Awwh, that makes me a little bit worried about my current use of this system. Right now I'd e.g. use one of my component systems to render like this:
1. What are the Begin() and End() calls actually doing?
Since there's no batching or sorting by effect going on, it makes no difference whether you call the Begin() and End() functions outside or inside the render. However if you later upgrade the engine to use rendering queues with batching, these Begin() and End() functions are going to be meaningless.
I'd argue that they are violating DI, and should be hidden away behind the renderer interface.
2. Do you need to set the colour every frame? Some of this state could be managed in the underlying effect implementation, so you only modify it when it actually needs to change.
3. Setting the worldview matrix in the effect might make sense in terms of the implementation details, but does it makes sense from a high level view? If not, it's probably a DI violation.
I think it would be cleaner to change your Render interface to something like:
void Renderer::Render(const CMesh&, CEffect&, CMatrix worldView);
It's then up to the renderer implementation to decide how to put all these things together into a render call, or render queue, or whatever it wants to do with them. Note that I'm also assuming a similar resource proxying mechanism for the mesh and effect classes. You don't actually need to resolve any of the lookups here at all, that can all be deferred to the Render() function's internals.

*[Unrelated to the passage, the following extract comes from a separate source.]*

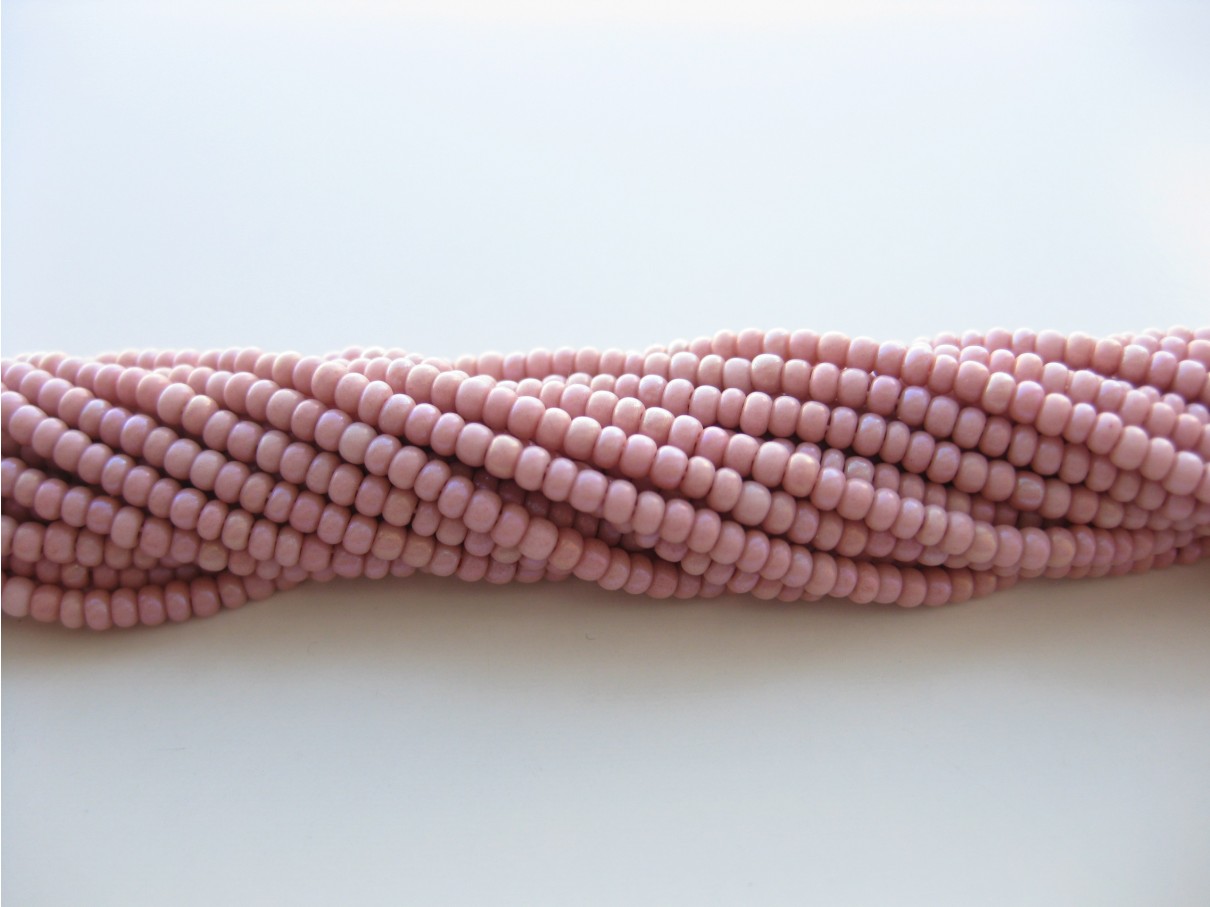 Preciosa seed beads #11 rosa regnbue, 50cm streng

Yeah, thats the thing. Since I used a linear only-so-named-because-it-sounds-cool "hash", I actually required that map to actually access my textures again after loading them safely. So you'd suggest to create a hash of the texture name on loading - and then, when I later access that file (loading and accessing is a seperate task now, no more lazy loading, the one time in the texturemodule was a slip), simply create a new Texture-object, like this?
Yeah, thinking about it it may be better to stick to using a linear index for the locator. Either way, it's an implementation detail, and so long as it's all wrapped nicely behind the relevant interface, you can tweak the actual implementation details to better suit the real life usage patterns.
Well you can call me on premature optimization there too, since I assumed that it was better not to create a new texture handle (can we call it that anyway?) every time I accessed a texture by file name? You could also call me on having currently a stupid messed up rendering system that at least for the entities doesn't store the textures but accesses them per frame per entites (no, not even material sorting currently, yiekes :/) so that would be quite a bit memory creation and deletion per frame. That is, if you are suggesting me to handle it that way as in the code, aren't you?
I'd envisaged the texture class as being something almost completely engine agnostic, that could be stored in components. You wouldn't need to create them very often at all, and if you did, you could happily create them on the stack (public constructor that takes a pointer to the action handler - or something that can provide a pointer to the action handler) They're pretty lightweight, so it's not like they consume huge amounts of memory. In fact, they are probably going to consume less space than most texture names would, especially if you're using wide character strings.